SEOUL, Sept. 14 (Yonhap) -- Cheong Wa Dae said Monday it is impossible for the United States to use any military force on the Korean Peninsula without South Korea's consent.
It was responding to a description in a forthcoming book authored by Bob Woodward, a Washington Post journalist, that the United States had carefully reviewed using nuclear weapons against North Korea in response to its military provocations in 2017.
"What we can say clearly is that the use of a nuclear weapon is not (included) in our operational plan (OPLAN) and using military force is impossible without South Korea's consent," a Cheong Wa Dae official told reporters.
According to Woodward's book, titled "Rage," Washington had plans for a war against North Korea "on the shelf" over a series of high-profile military provocations by the North, including the testing of intercontinental ballistic missiles (ICBMs) in July 2017.
The U.S. Strategic Command "had carefully reviewed and studied OPLAN 5027 for regime change in North Korea -- the U.S. response to an attack that could include the use of 80 nuclear weapons," he wrote in the book, a copy of which was acquired by media ahead of its publication later this week. OPLAN 5027 refers to military operation plans by the allies in the event of a North Korean invasion.
The Cheong Wa Dae official pointed out that related news reports may make South Korean people "very anxious."
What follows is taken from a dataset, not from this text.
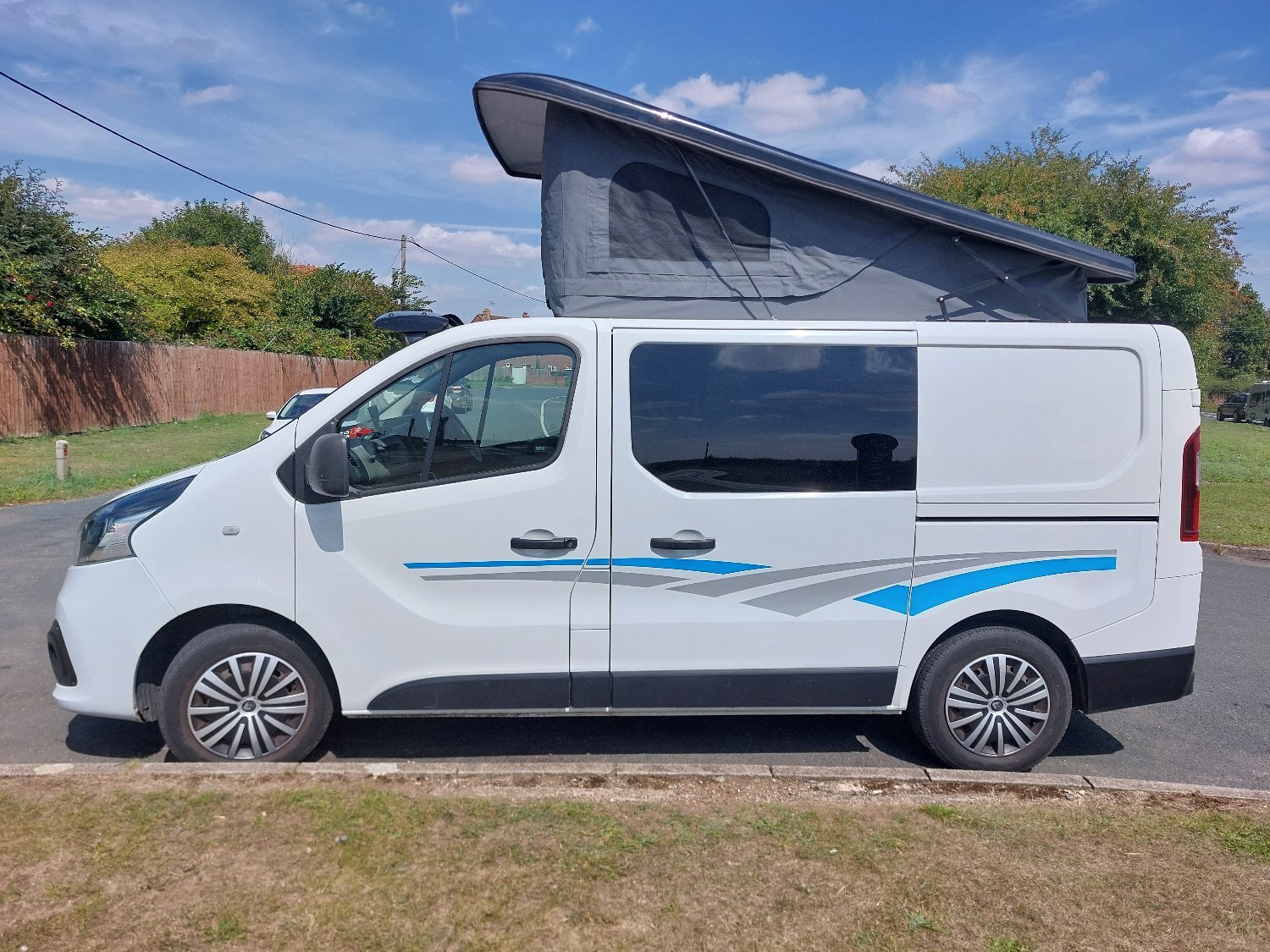 Renault Trafic SL27 Business Plus Camper Van Routh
South Korea will never cease efforts toward lasting peace on the peninsula, although the Korea peace process is in a stalemate, the official added.
He cited President Moon Jae-in's repeated peace overtures in public speeches he made around the sharp escalation of military tensions in Korea in 2017, including the one on July 6 in Berlin, the Aug. 15 Liberation Day address and the Sept. 21 U.N. General Assembly speech, in which he made clear Seoul's principle of zero tolerance for war.
Moon also stressed that there shouldn't be another war in Korea and that no other country can decide on a military action without Seoul's consent.
The Moon government then made extensive follow-up peace efforts, which led to the historic Singapore summit between the leaders of the U.S. and North Korea, the official said, speaking on the customary condition of anonymity.
"The government turned a war crisis (in 2017) into a phase of peace beyond just passing it," he added.